The Sportage is among the slickest medium-sized SUVs with concept car-like 19in rims, a body kit, blackened exterior and the cool headlight arrangements, including ice cube daytime running lamps, giving it an up-market presence.
Kia has adopted the same front-end arrangement across most of its range, with the large, keyhole-style grille a distinctive feature.
Inside, the Sportage is quite dark throughout, thanks mainly to its GT Line status.
Different shades of grey and black dominate with a lighter roof adding some brighter contrast.
At least in this top-spec version, in terms of practicality the Sportage is perfect in a lot of ways. It has loads of features that will be used every day and manages to avoid the majority of fiddly extras that won’t be used all that often.
It has a wireless charging pad for smartphones.
The multimedia screen is small, but high quality, and can be controlled either by a touch
or a clear, concise and easy-tooperate line of buttons on the centre console.
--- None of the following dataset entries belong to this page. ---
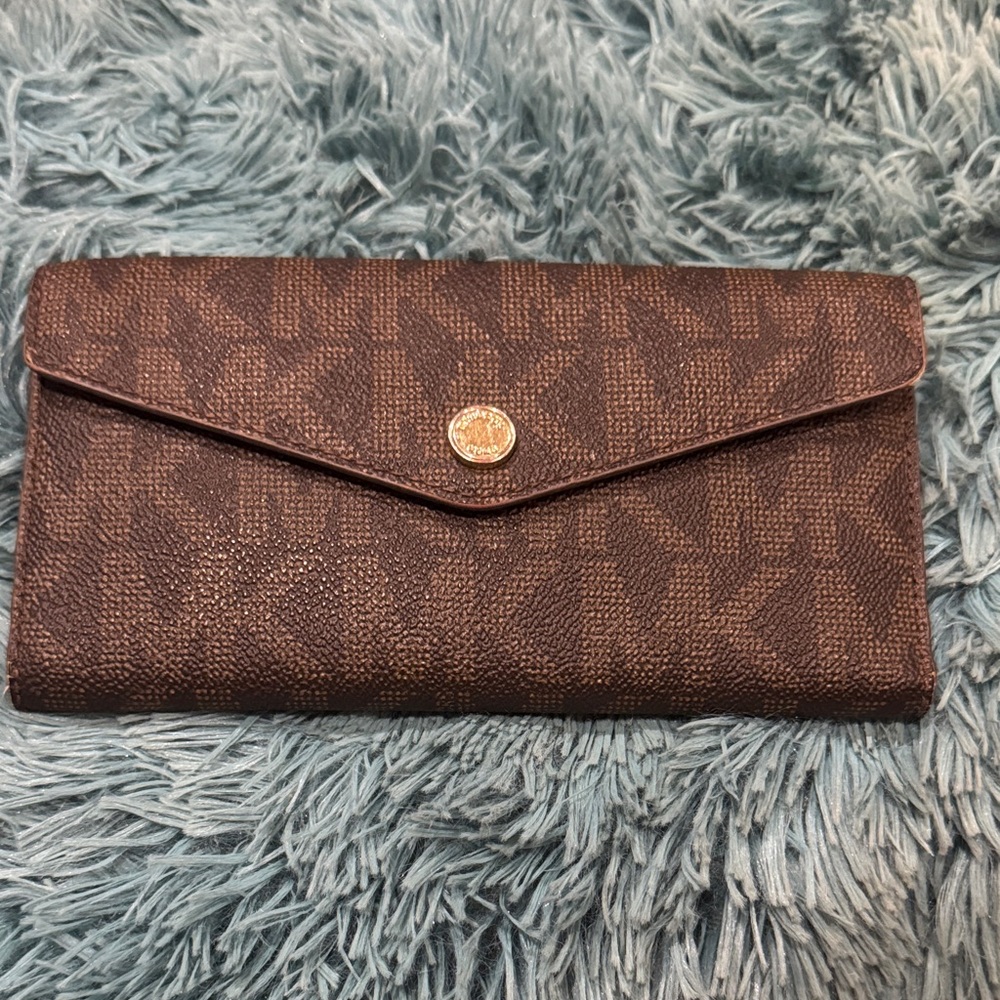 Authentic Michael Kors Wallet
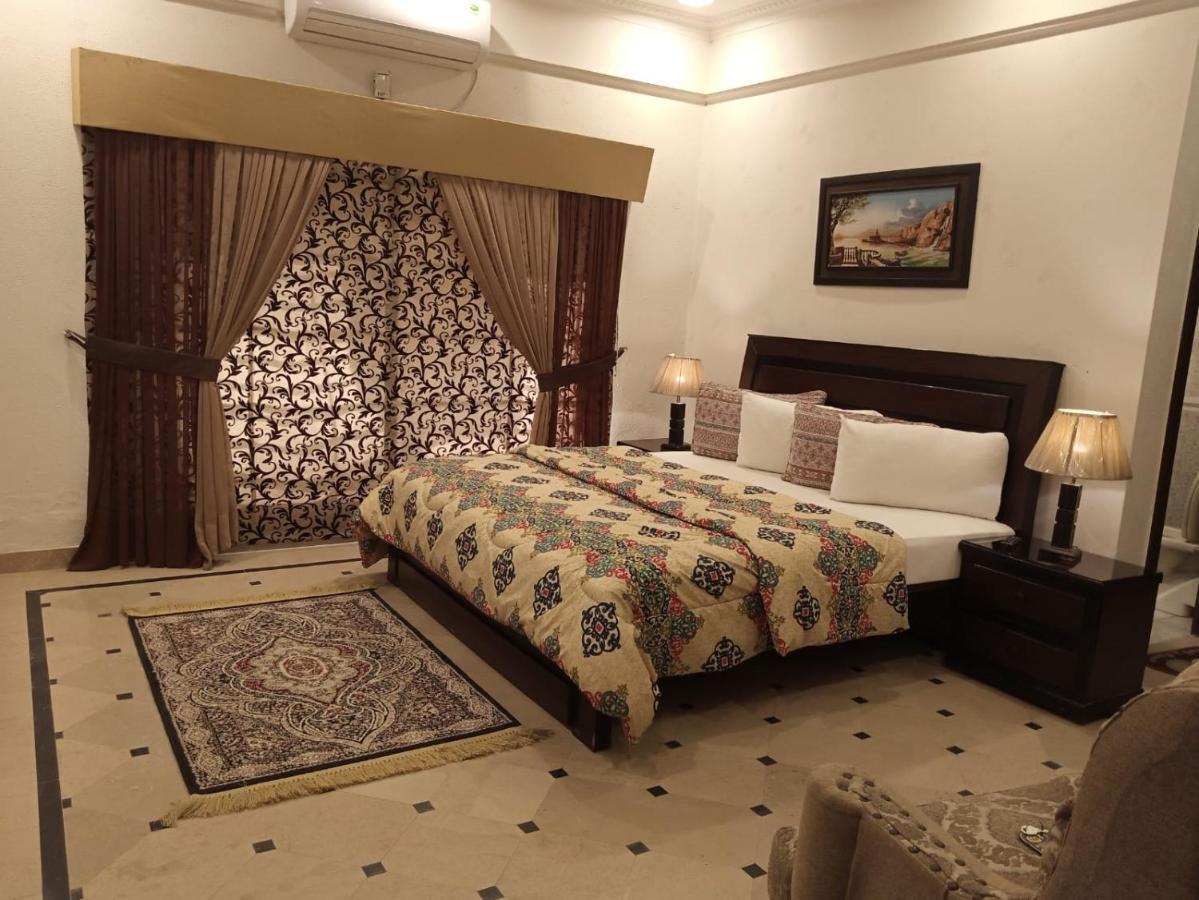 Mulberry Residence Luxury Rooms Islamabad Esterno foto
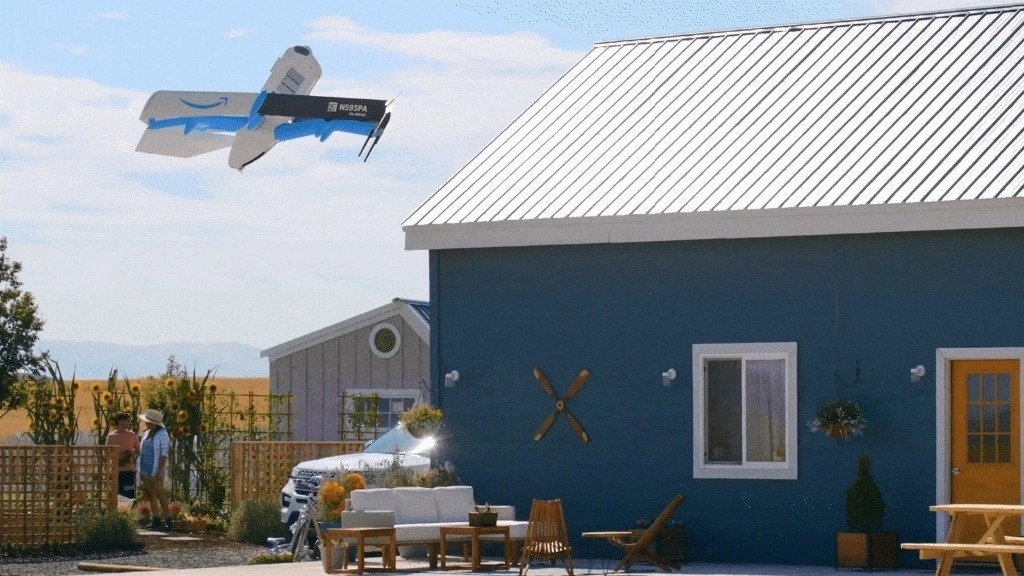 Reguladores de EU autorizan a Amazon ampliar su programa de entregas con drones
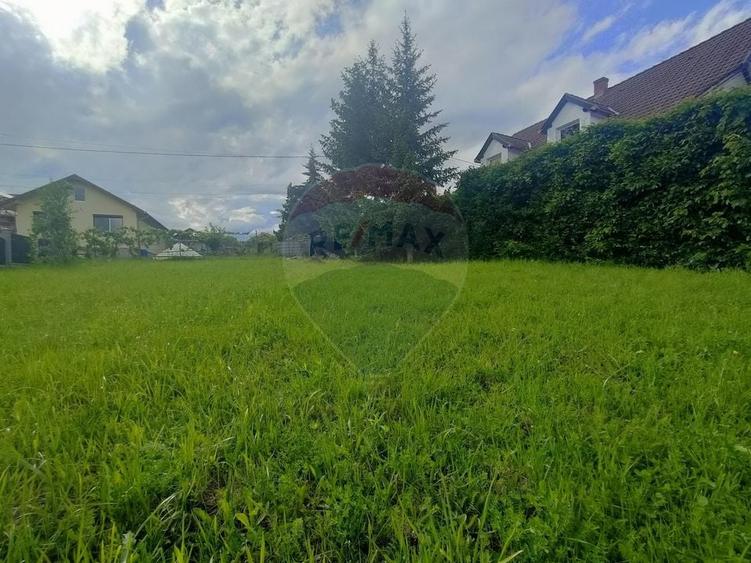 Teren Construcții intravilan de 613 mp, în Sadu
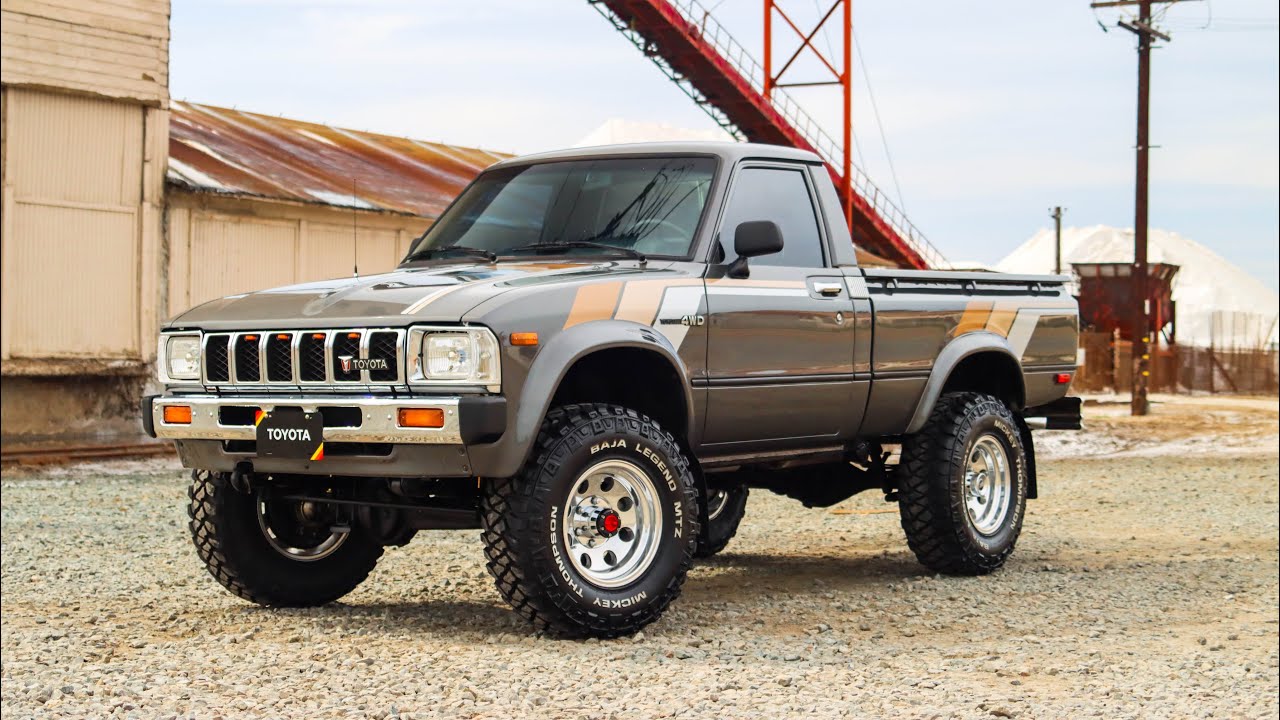 1982 Toyota Pickup SR5 Short-Bed | Driving Video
A pair of traditional analog instruments flank a wide digital screen in the centre of the dash.
Storage is plentiful and clever without going over the top.
There are two cupholders line astern in the centre console, space for larger bottles in all four doors, as well as a pair of slightly undersized cup holders in the rear centre armrest.
It’s well-equipped with leather trimmed seats, 19in alloys, auto emergency braking, lane departure, automatic tailgate, keyless entry, auto lights and wipers, LED lights and fog lamps, dual-zone climate control, vented and heated powered seats, and parking assist.
The AWD version of the Sportage gets a six speed automatic transmission, as well as a remote button to lock the centre diff, while a ‘Drive Select’ switch allows for Eco and Sport modes for gearbox and throttle.
The Sportage is easy to drive, even with the addition of the heavier AWD/diesel drivetrain.
It’s also quiet, but the larger, wider, lower profile tyres, transmit road noise on coarse bitumen.
The little diesel is lively and, while there is a bit of gruffness at start-up, it quickly fades when the car is up to speed, especially when cruising at 100km/h
The steering is not too light and will vary with speed. It’s also got a surprising amount of feel for such a small, high-riding vehicle. The six-speeder can also be controlled via paddles.
The common rail direct injection 2.0-litre turbo-diesel is a willing performer with excellent manners.
Maximum power of 136kW arrives at 4000rpm, while its 400Nm of torque is available from as low as 1750rpm.
Kia claims a combined fuel economy figure of 6.8 litres per 100km. I saw a best of 7.3L/100km over 350km. The 62-litre diesel tank gives a theoretical range of 795km.
Kia’s seven-year/unlimited km warranty includes roadside assist and a free first service at three months.
Cheap and cheerful doesn’t cut it for Kia anymore.
The Sportage Platinum GT Line is well-resolved, wellpackaged and thoroughly enjoyable.